High lumen output. The HD20 produces 633 lumens in Cinema mode, at least on our test sample. This is easily enough light for a 135" diagonal screen in a room with good light control, or a 100" diagonal screen in a room with some ambient light. Even more noteworthy, the HD20's Cinema mode still delivers a substantial 505 lumens, even in low lamp mode. So you get a very bright image and longer lamp life all at once.
For content where you would prefer higher brightness, but don't need the best possible color accuracy, "Bright" mode produces 954 ANSI lumens. This is ideal for HD sports, or any time you have the room lights turned up. Bright mode reduces color saturation, but it lets you bring the HD20 out of the dark theater and into the living room, whether for the big game or just your child's video game system.
ANSI Contrast. Despite the projector's 4000:1 full on/off contast rating, the HD20 measured 456:1 ANSI contrast in our tests. This puts it on a level with several of the more impressive 1080p LCD projectors released last year, but below the more advanced 1080p DLP projectors. ANSI contrast doesn't tell the whole story, but it is a good indicator of the dynamic range that can appear in any one image.
Natural color. Color on the HD20 is rich and vibrant. While it is not perfectly calibrated out of the box (few projectors are), the HD20 is very easy to adjust. Color adjustments are simple, with gain and bias controls for red, green, and blue. Adjustments have a quite noticeable effect on the image from step to step, so it is easy to get to where you want to be generally.

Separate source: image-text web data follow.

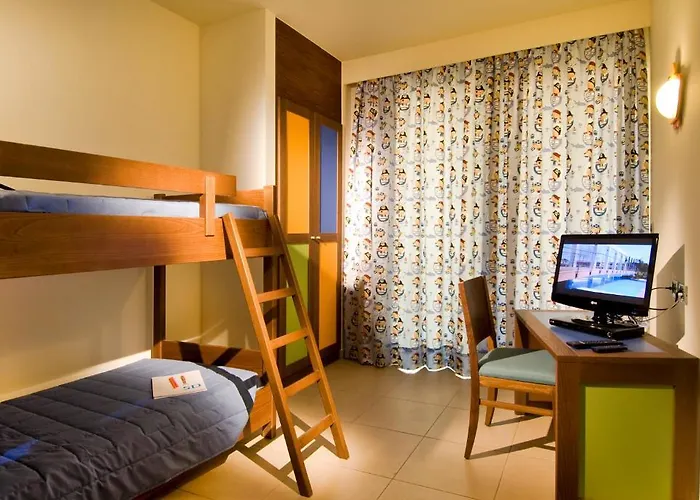 Ξενοδοχείο Blue Lagoon 5*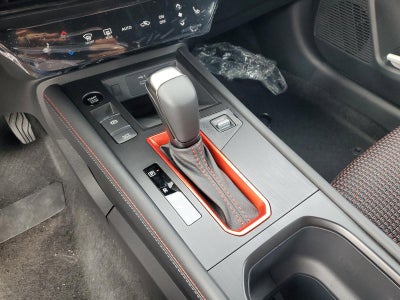 2026 Nissan Kicks SR FWD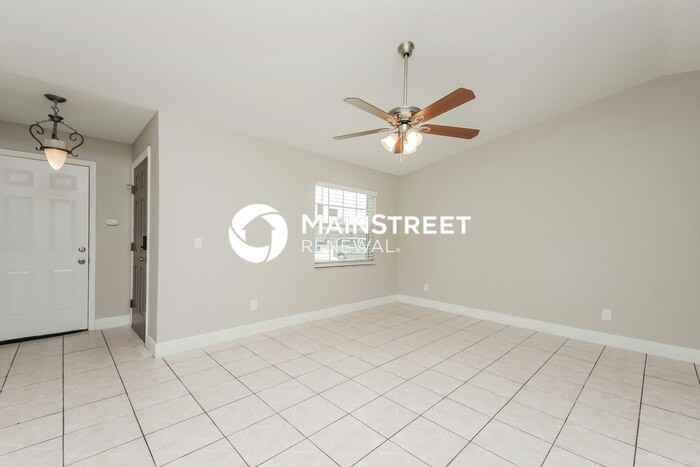 1434 Dean B St - Photo 5 of 16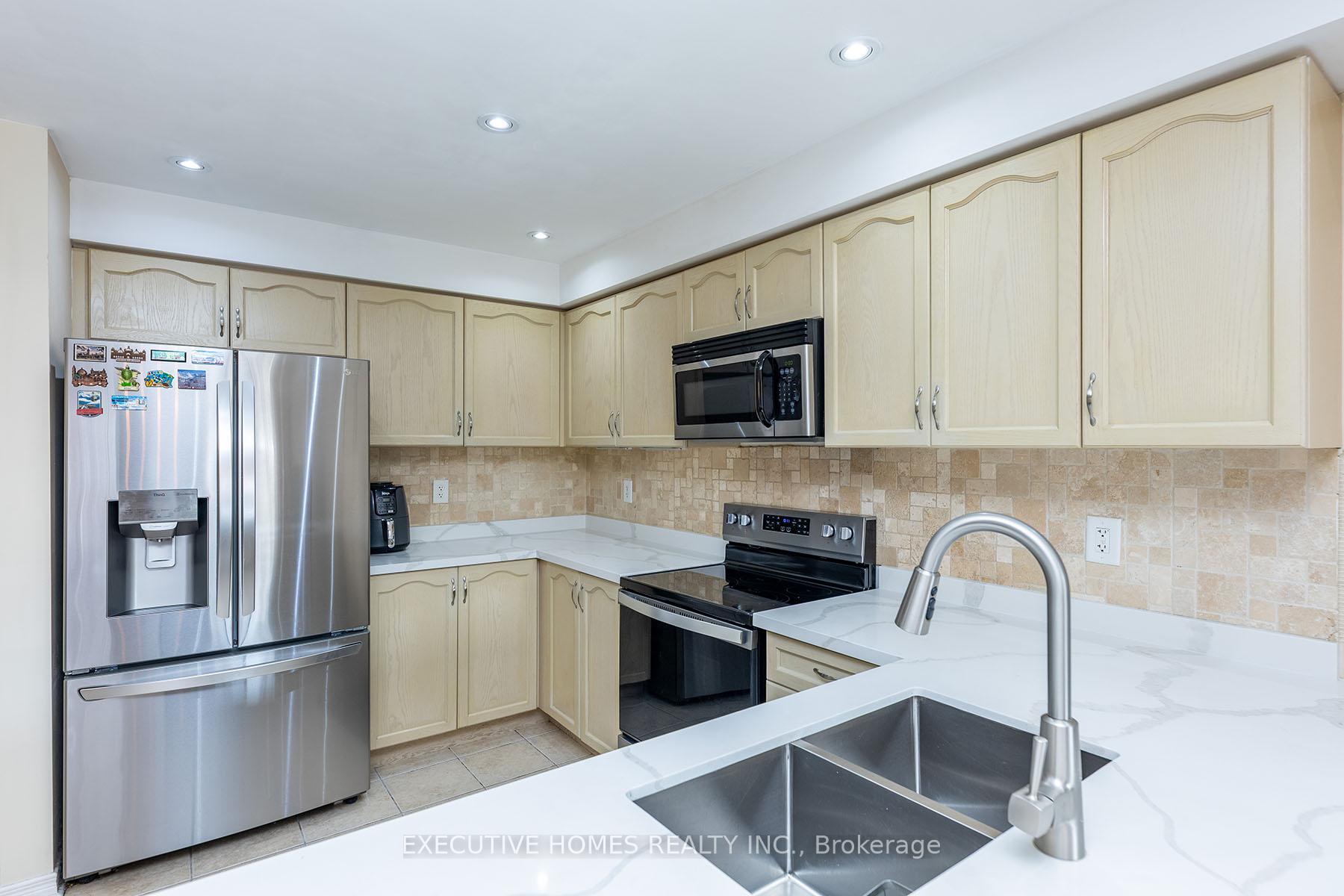 Photo 17 of 416 Hobbs Crescent, Milton, Clarke — HOMEH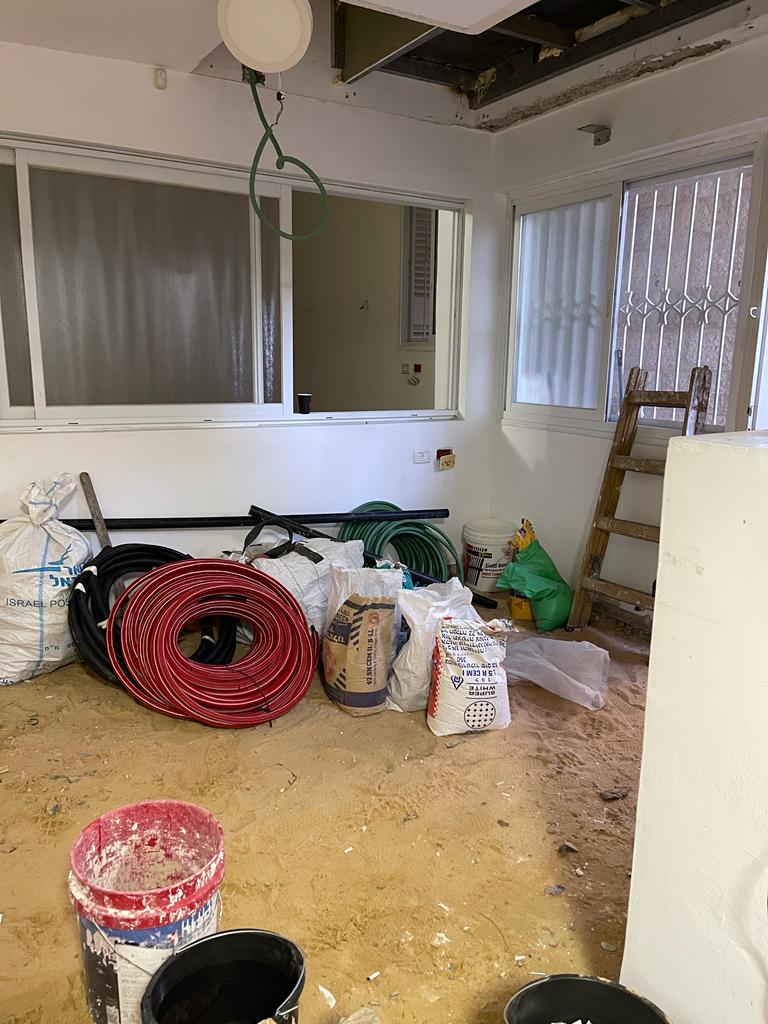 שיפוץ בית וחצר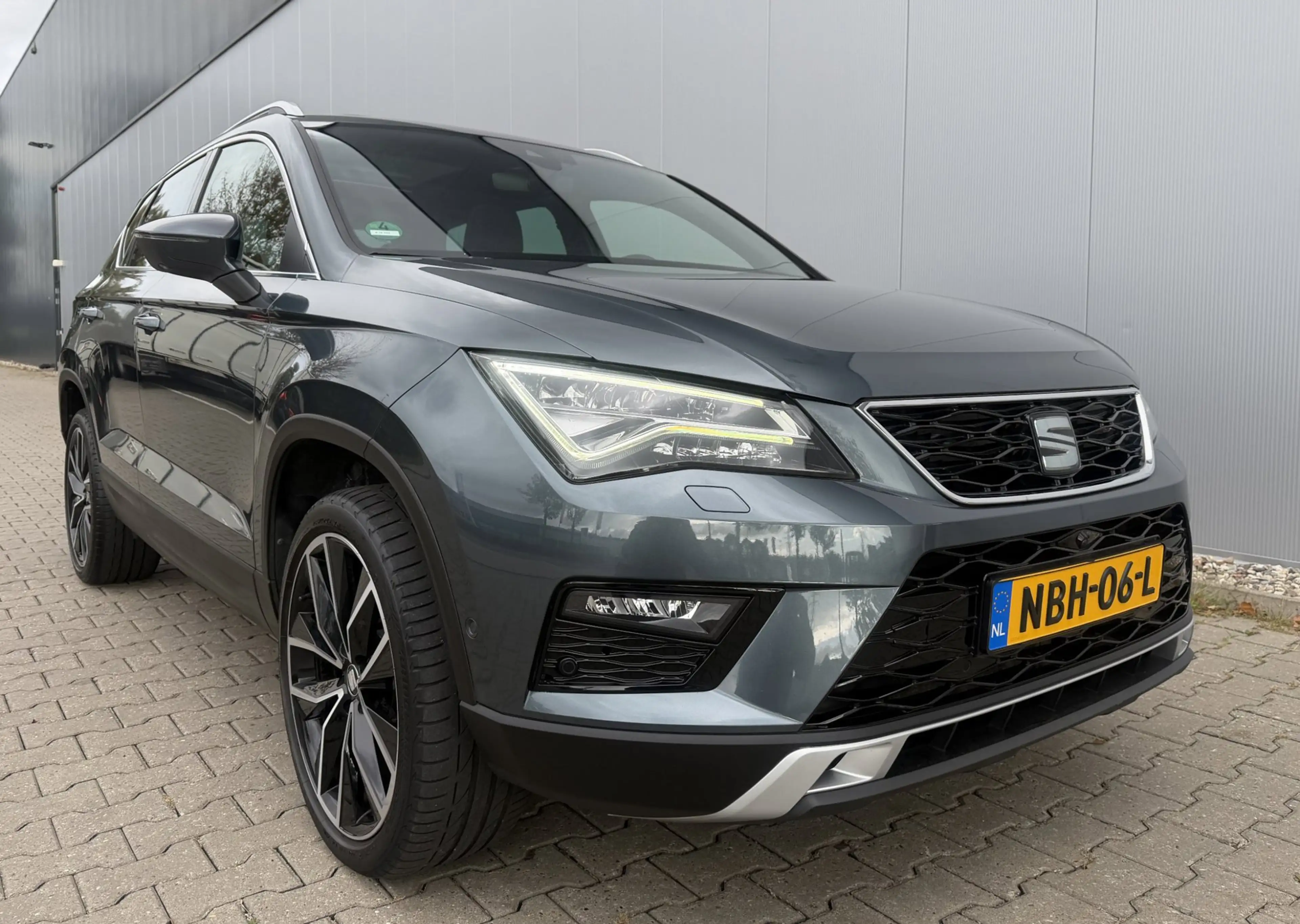 SEAT Ateca 1.5 TSI 150PK Automaat | Leder | Pano | 360 | — photo 13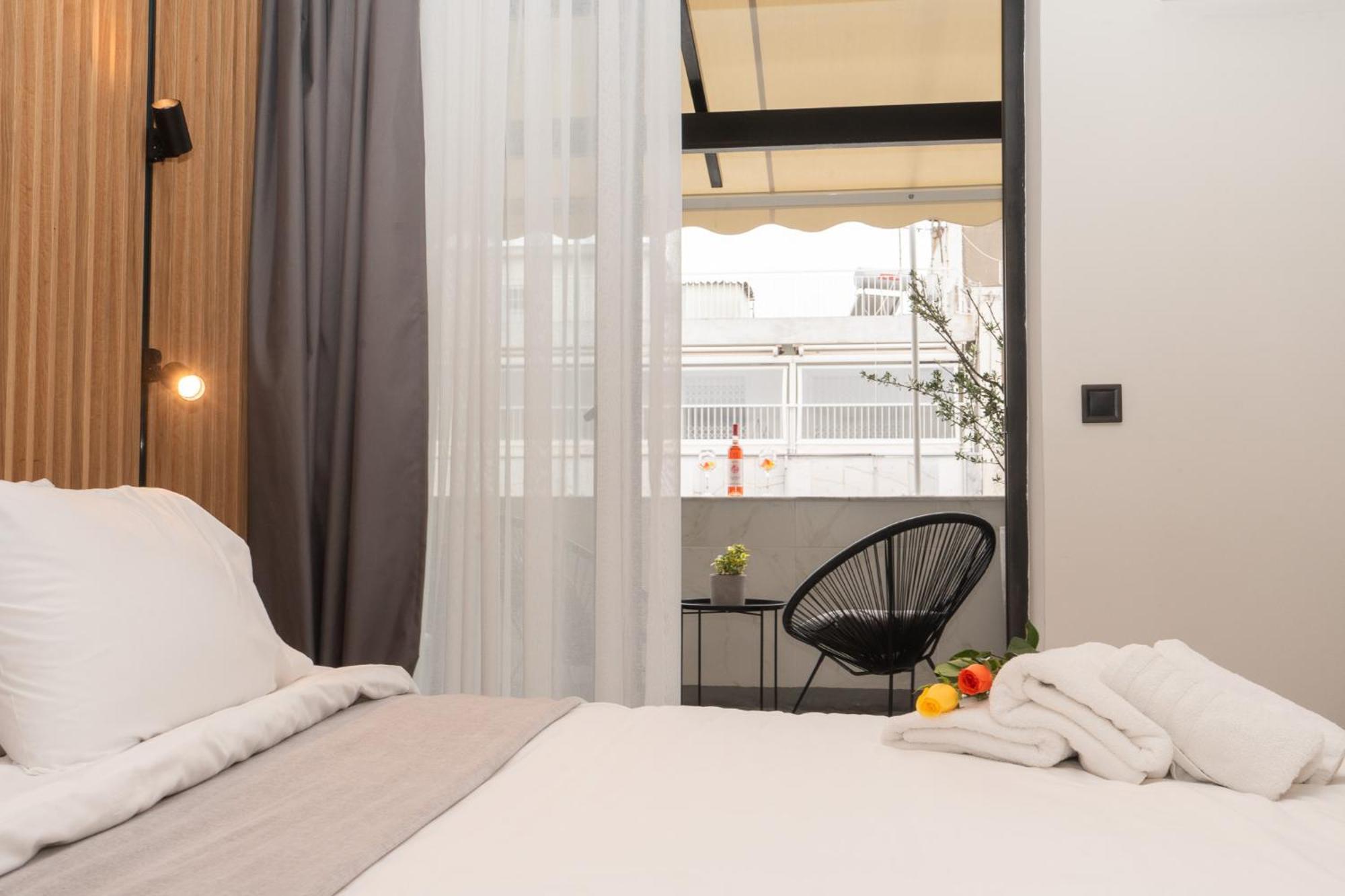 Luxury Suites With Jacuzzi By Sea&Thecity Thessaloniki Exterior foto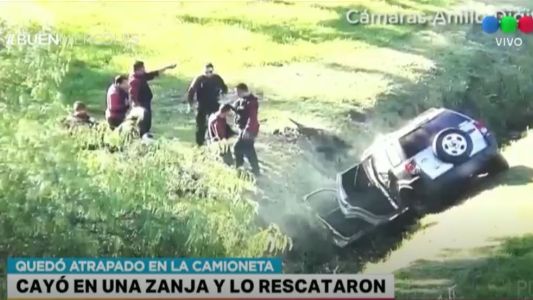 Rescataron a un automovilista que cayó en una zanja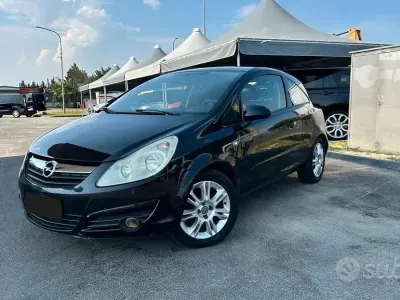 Usata Opel Corsa 80 CV (58 kW) 2007 Nero Utilitaria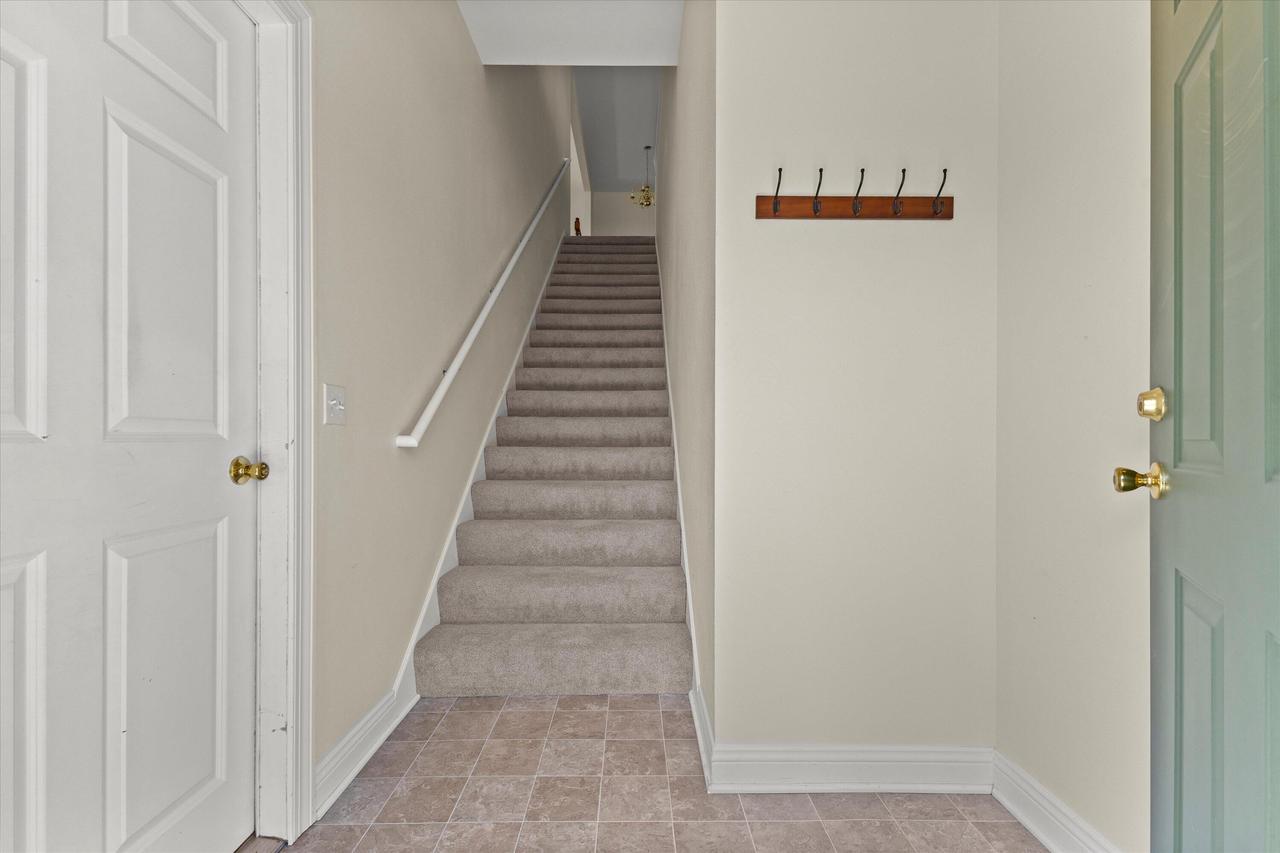 1058 Stratford COURT 202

But the adjustments lack subtle fine-tuning precision that is available on more expensive models.
Overall, the HD20 is great for the do-it-yourselfer looking for an engaging, solid image on a budget. It is easy to tweak, but if you just want something that looks plenty good enough for sports and video games, the HD20 will meet many people's less stringent criteria without any adjustment at all.
Low digital noise. When compared to a 1080p DLP projector that cost almost twice as much, the HD20 showed an impressively low amount of digital noise. Excessive digital noise makes a picture appear grainy or unstable, and these effects can sometimes distract the viewer and compromise the immersion in the experience. The HD20's low level of noise makes the image appear smoother, more natural, and less distracting than it might otherwise.
4,000-hour lamp. On many inexpensive projectors, replacement lamps can seem very costly, since their price is often 1/3 or more of the cost of the projector itself. A long-life lamp helps the consumer to feel that they're getting their money's worth. The lamp in the HD20 is rated to last 3,000 hours in high lamp mode or 4,000 hours in low lamp mode, which is much better than the standard 2000 hours we see on many models. In addition, replacement lamps on the HD20 are relatively inexpensive. They can be purchased from authorized Internet resellers for as little as $249. If you were to put a quarter in a jar every time you watched a movie, you would have more than enough money for a new lamp when the time came to purchase a replacement.
Portability. At only 6.5 lbs, the HD20 is a great option for portable projection. Its small size and light weight make it easy to tote with you to a friend's house, or even into the backyard for a summer movie night. While it does not come with a carrying case, it would not be hard to find a laptop bag that would securely hold the HD20 plus its accessories - just make sure that wherever you're going, there's an external sound system, because the HD20 lacks a speaker.
Reasonable fan noise. For such a small, powerful projector, the HD20 is relatively quiet. Fan noise in high lamp mode is certainly audible, especially if you are using the HD20 in a coffee table mount situation. Low lamp mode is quieter, but still easily noticeable. The only time audible noise is really distracting is when using the ImageAI function (more on this below). During normal use, the fan noise of the HD20 tends to fade into the background, and should not distract your audience. While it's not as quiet as most larger home theater projectors, it is also a lot smaller without giving up lumen output.
Logical menu system. The menu system is straightforward, with a logical, hierarchical layout. Using a little common sense, it's easy to find what you're looking for. Image adjustments are under the Image menu; aspect ratio and masking adjustments are found in the Display menu, lamp and positioning settings are found in the System menu.